1721
A new election law was passed, dividing the representation of Carolina into parishes. It remained that way until the Revolutionary period.
1802
The chapel at the Charleston Orphan House opened. Designed and constructed by Gabriel Manigault, the Gentleman Architect, it was completed in less than one year. Baptist minister, Rev. Richard Furman, preached the dedication sermon.
1835
A letter by Angelina Grimke, decrying the mob violence against abolitionist literature, was published by William Lloyd Garrison in his paper, The Liberator.
I can hardly express to thee the deep and solemn interest with which I have viewed the violent proceedings of the last weeks. The ground upon which you stand is holy ground: never – never surrender it. If you surrender it, the hope of the slave is extinguished. If persecution is the means by which God has ordained for the accomplishment of this great end, EMANCIPATION; then … I feel as if I could say, LET IT COME, for it is my deep, solemn deliberate conviction, that this is a cause worth dying for.

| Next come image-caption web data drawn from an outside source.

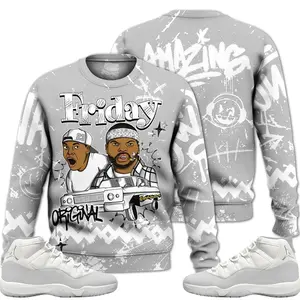 11 Grand Finale Sweatshirt, Grand Finale 11s Outfits Shirt, Meme Friday Outfits Streetwear Unisex Sneaker Matching Sweatshirt Clothes Fabric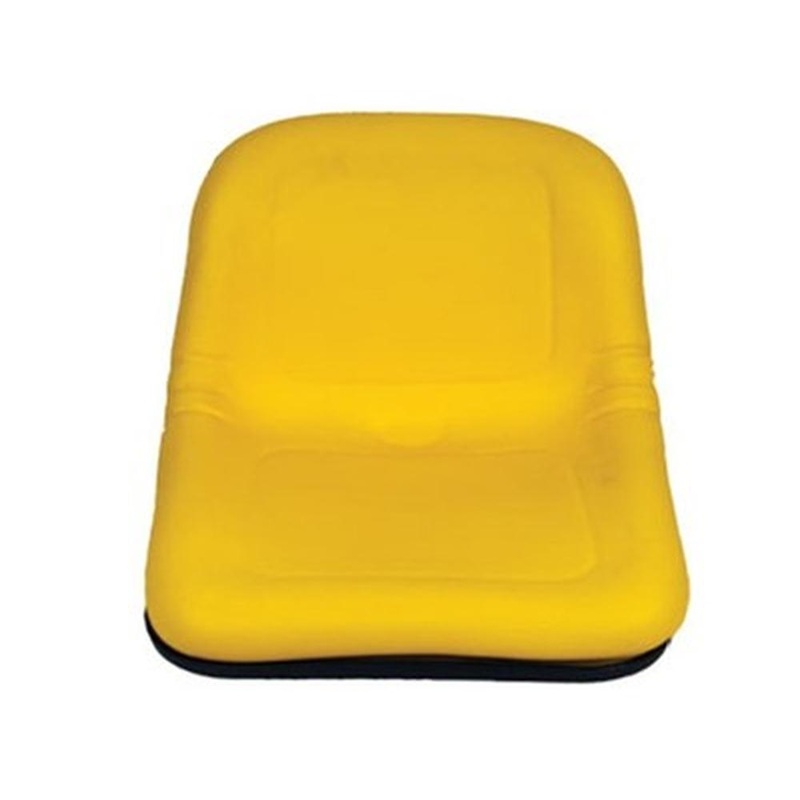 New Seat 15" Yellow Vinyl Fits John Deere AM133476 AM133476
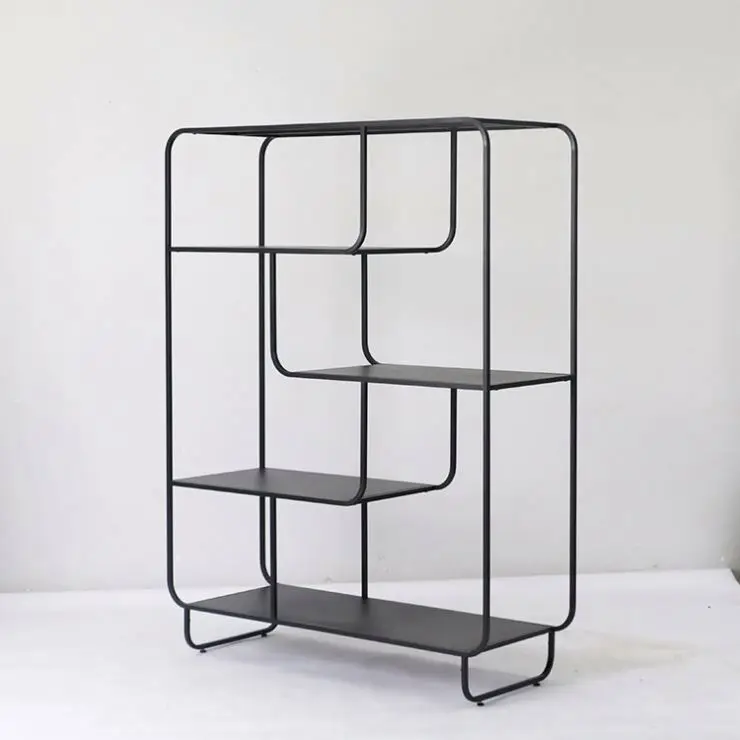 Steelite New Pattern Rounded Corners Metal Bookshelf Display Bookcases For Living Room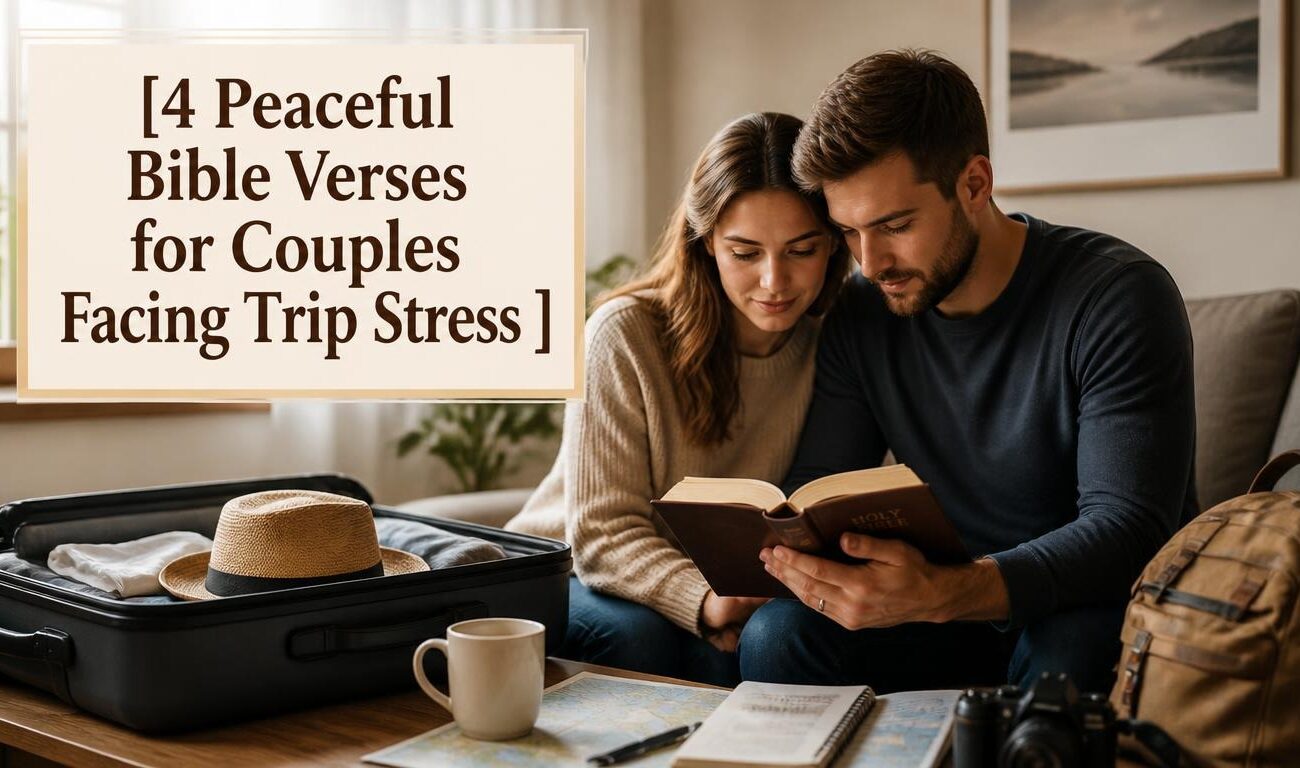 4 Peaceful Bible Verses for Couples Facing Trip Stress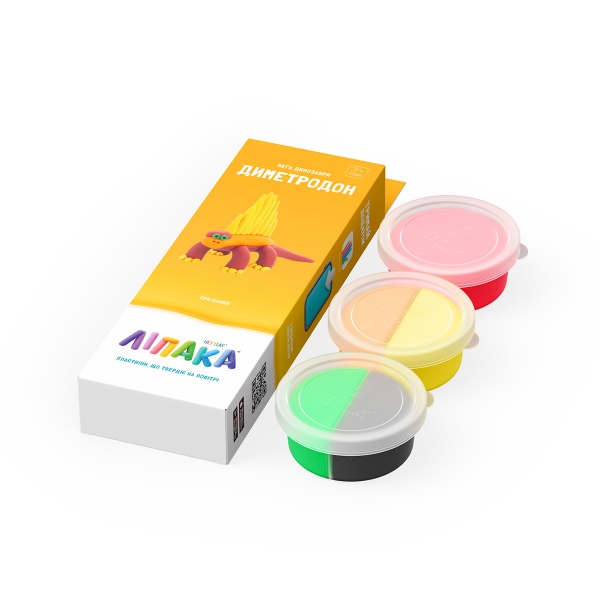 Набор для лепки Lipaka самозатвердевающий пластилин ЛИПАКА – Диметродон 30079-UA01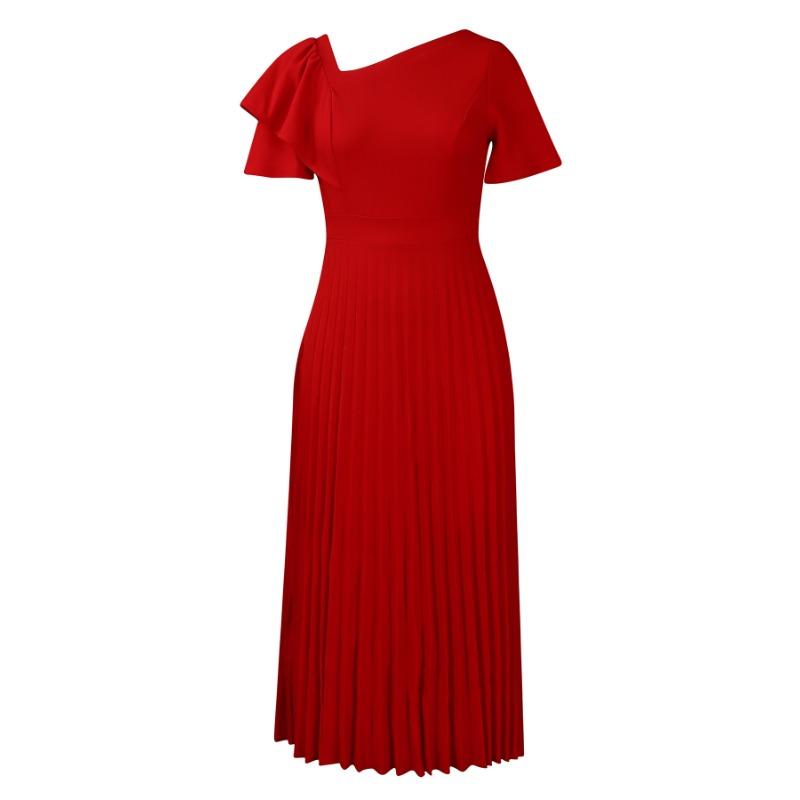 Женское платье больших размеров, модное, темпераментное, однотонное, с расклешенными рукавами, с высокой талией, плиссированные платья под давлением 3XL красный
Женское платье больших размеров, модное, темпераментное, однотонное, с расклешенными рукавами, с высокой талией, плиссированные платья под давлением 3XL красный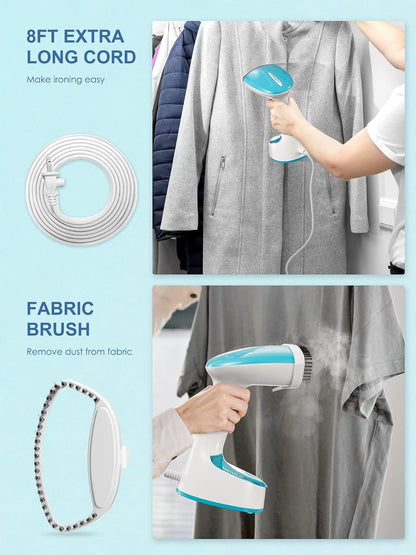 VINATO AJ-2241A Garment Steamer Compact Portable Lightweight Blue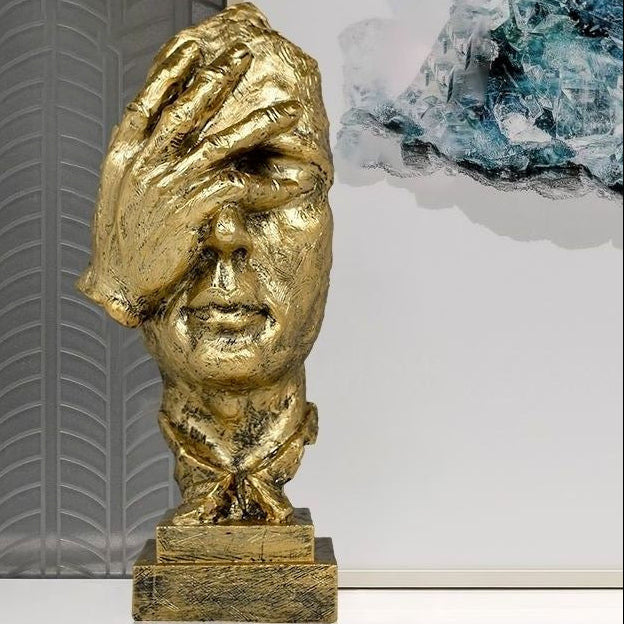 The Contemplative Abstract Figure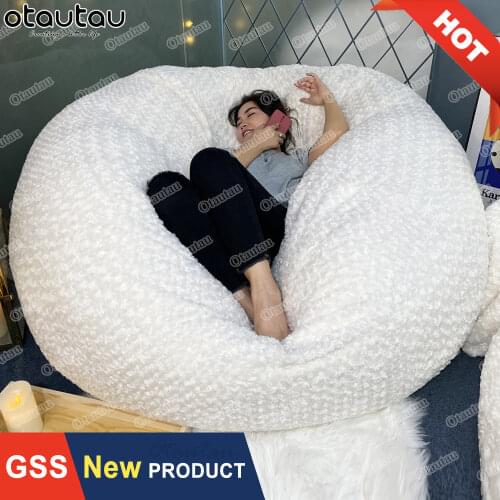 Dropshipping King Size Giant Sofa Cover Unfilled Double Bed Grand Pouf Lump Futon Floor Corner Seat Big Couch Recliner Furniture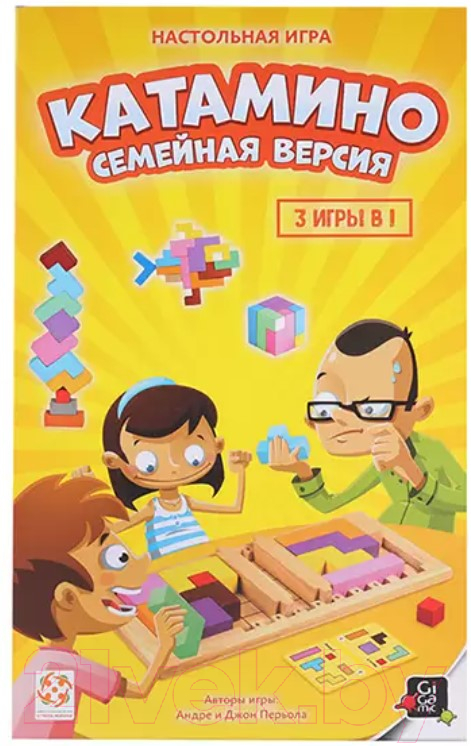 Игра-головоломка Gigamic Катамино. Семейная версия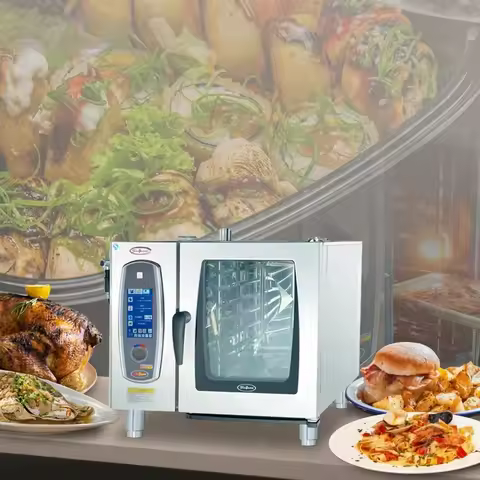 Electric Convection Combined Steam Oven Combined Oven Commercial Baking Oven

Understanding that the publication of this letter had burned all her Southern bridges, Angelina later wrote in her diary:
To have the name of Grimke associated with that of the despised Garrison seemed like bringing disgrace upon my family, not myself alone … I cannot describe the anguish of my soul. Nevertheless I could not blame the publication of the letter, nor would I have recalled it if I could.